Your answer should be every line of the records that contains the word "trail".

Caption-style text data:
---*---
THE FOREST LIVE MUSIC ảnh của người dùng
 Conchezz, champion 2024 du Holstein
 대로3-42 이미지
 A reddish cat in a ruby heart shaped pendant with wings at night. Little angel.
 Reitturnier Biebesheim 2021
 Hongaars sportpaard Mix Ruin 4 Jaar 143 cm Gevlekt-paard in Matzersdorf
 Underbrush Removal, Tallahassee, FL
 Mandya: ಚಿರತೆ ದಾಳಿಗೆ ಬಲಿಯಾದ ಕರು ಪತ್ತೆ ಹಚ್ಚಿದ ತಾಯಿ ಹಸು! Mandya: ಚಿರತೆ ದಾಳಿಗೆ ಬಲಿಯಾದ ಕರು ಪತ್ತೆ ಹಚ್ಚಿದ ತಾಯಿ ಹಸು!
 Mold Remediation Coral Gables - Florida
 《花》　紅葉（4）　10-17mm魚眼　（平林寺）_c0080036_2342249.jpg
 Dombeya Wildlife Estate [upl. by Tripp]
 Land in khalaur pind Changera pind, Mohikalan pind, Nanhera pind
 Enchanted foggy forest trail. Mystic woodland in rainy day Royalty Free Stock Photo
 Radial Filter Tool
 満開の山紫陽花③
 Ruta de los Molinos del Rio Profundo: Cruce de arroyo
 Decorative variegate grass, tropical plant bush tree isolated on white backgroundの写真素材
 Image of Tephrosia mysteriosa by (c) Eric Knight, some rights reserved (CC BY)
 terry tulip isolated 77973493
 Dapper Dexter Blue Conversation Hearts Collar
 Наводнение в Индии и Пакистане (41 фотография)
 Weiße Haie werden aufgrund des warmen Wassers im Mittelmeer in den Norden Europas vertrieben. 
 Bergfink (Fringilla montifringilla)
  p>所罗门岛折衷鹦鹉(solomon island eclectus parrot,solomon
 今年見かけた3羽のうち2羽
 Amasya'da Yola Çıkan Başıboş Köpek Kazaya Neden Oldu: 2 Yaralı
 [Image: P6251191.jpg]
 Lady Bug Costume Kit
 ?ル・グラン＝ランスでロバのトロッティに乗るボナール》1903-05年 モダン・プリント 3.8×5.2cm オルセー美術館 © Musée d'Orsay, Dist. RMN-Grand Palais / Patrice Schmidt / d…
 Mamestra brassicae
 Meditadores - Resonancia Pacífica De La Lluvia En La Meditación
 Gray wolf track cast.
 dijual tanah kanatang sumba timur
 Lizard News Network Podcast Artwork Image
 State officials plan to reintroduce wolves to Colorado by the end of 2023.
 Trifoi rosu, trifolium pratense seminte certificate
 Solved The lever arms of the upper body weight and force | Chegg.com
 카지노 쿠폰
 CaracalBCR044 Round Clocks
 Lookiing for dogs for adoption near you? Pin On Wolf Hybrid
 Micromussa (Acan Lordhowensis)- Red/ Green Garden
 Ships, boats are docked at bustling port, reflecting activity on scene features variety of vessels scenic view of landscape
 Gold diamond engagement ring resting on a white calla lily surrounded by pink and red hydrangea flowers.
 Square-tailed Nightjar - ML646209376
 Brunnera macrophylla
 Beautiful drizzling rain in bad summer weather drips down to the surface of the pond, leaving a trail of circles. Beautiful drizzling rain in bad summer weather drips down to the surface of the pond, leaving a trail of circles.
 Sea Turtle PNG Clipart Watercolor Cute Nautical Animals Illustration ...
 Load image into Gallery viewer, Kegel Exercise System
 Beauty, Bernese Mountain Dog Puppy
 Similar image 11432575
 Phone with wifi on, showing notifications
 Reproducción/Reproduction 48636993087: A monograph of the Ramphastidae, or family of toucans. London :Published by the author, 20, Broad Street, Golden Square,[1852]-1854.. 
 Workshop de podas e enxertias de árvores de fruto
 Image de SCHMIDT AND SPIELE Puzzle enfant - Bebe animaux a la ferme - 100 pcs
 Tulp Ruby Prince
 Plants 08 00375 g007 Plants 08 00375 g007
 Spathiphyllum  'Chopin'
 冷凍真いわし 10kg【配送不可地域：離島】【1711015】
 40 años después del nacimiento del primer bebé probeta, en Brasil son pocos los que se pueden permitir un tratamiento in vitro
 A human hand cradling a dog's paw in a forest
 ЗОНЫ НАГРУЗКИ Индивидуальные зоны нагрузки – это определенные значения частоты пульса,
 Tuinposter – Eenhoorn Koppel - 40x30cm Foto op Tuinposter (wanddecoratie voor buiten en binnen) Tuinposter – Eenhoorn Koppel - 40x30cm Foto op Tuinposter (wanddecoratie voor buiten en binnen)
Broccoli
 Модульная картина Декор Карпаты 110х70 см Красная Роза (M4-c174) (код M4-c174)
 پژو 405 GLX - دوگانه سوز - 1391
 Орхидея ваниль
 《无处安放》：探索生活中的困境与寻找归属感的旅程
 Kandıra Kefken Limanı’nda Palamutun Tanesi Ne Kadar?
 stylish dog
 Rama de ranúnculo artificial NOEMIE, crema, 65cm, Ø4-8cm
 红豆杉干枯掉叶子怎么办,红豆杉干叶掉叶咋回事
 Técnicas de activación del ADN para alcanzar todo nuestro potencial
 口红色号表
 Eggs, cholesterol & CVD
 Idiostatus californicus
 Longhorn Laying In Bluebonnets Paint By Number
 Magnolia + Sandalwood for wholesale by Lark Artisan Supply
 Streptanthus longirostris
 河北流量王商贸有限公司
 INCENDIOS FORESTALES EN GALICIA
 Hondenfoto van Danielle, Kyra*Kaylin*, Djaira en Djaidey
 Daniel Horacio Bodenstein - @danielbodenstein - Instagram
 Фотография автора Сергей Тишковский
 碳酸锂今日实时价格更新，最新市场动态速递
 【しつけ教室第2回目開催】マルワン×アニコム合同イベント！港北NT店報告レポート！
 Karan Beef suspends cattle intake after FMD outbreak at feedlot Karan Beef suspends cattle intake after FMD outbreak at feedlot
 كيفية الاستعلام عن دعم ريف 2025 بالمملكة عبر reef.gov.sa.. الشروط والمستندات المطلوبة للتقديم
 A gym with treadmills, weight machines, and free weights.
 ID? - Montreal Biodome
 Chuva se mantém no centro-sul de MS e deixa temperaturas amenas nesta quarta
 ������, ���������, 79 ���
---*---
● Output below
 Enchanted foggy forest trail. Mystic woodland in rainy day Royalty Free Stock Photo
 Beautiful drizzling rain in bad summer weather drips down to the surface of the pond, leaving a trail of circles. Beautiful drizzling rain in bad summer weather drips down to the surface of the pond, leaving a trail of circles.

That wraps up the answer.